Many aspects of court procedure must be understood in this light.  General rules that the losing party pays some or all of the costs of the successful party, court rules about offers of compromise, statutory provisions for damages by way of interest, all find their rationale in promoting the compromise of civil litigation.  The close attention that has been given, over at least the last 10 or 15 years, to improving the way in which civil litigation is conducted in the courts is underpinned by the evident necessity of making the judicial system more efficient.  These procedural changes are important tools for restricting litigiousness.  I do not seek to diminish the importance that should be attached to them if I say no more about them in this paper.


Of course, it is necessary to recognise that the uncertainties of litigation cannot be eliminated entirely.  To be able to predict the outcome of a dispute about a factual matter it is necessary to know what evidence each party will have available.  Even if that is known, it is often difficult to predict what evidence will prove to be more credible than evidence to the contrary effect.  Many of the recent developments in civil procedure have been directed to preventing trial by ambush and reducing the unpredictability to which I refer.  As I say, the importance of this work should not be underestimated.  But for present purposes I want to direct attention to considerations affecting the predictability of decisions about applicable legal principle.  It is convenient to do that by focusing on negligence but the points to be made must be understood as having more general application both to other fields of private law and in areas of public law as well.

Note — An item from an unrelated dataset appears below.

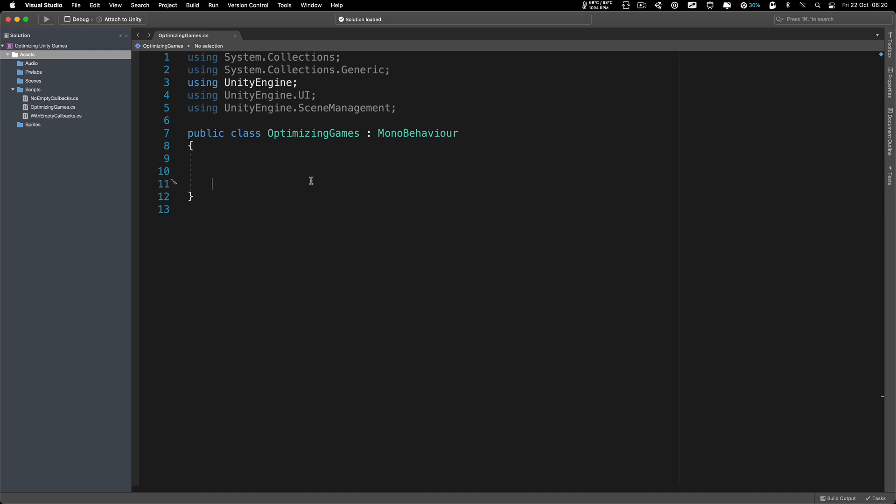I have probably created over 200 games and published around 10 games, and I learned a lot about optimization. I want to share that with you. Starting with the first tip, which is always cache your components.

It may be thought that this is not a subject that bears directly upon matters of recent controversy.  After all, are not the principles governing recovery of damages for negligently inflicted personal injury reasonably well established?  If there has been uncertainty about the outcome of such litigation, has not that uncertainty stemmed from the difficulty of predicting the outcome of a dispute about what happened, rather than a difficulty about predicting the legal consequences that follow from the facts once they are found?


The number of cases concerning claims for damages for negligently inflicted personal injury which have come before the High Court of Australia over the last 5 to 10 years suggests that the principles to be applied have been undergoing some change.  The index to volumes 185 to 206 of the Commonwealth Law Reports, for the years 1995-2001, lists 12 cases, under the heading 'Negligence', in which claims for damages for negligently inflicted personal injury had been made.  They have included cases about causation – Chappel v Hart[6] and Rosenberg v Percival.[7]  More than half, however, have been cases about duty of care – Northern Sandblasting Pty Ltd v Harris,[8] Romeo v Conservation Commission (NT),[9] Crimmins v Stevedoring Industry Finance Committee,[10] Agar v Hyde,[11] Jones v Bartlett,[12] Modbury Triangle Shopping Centre Pty Ltd v Anzil[13] as well as the highways case, Brodie v Singleton Shire Council.[14]  Since that index was published there have been the decisions of the Court in the nervous shock cases – Tame v New South Wales; Annetts v Australian Stations Pty Ltd.[15]  The number of cases in the Court about duty of care suggests that applicable principles continue to evolve.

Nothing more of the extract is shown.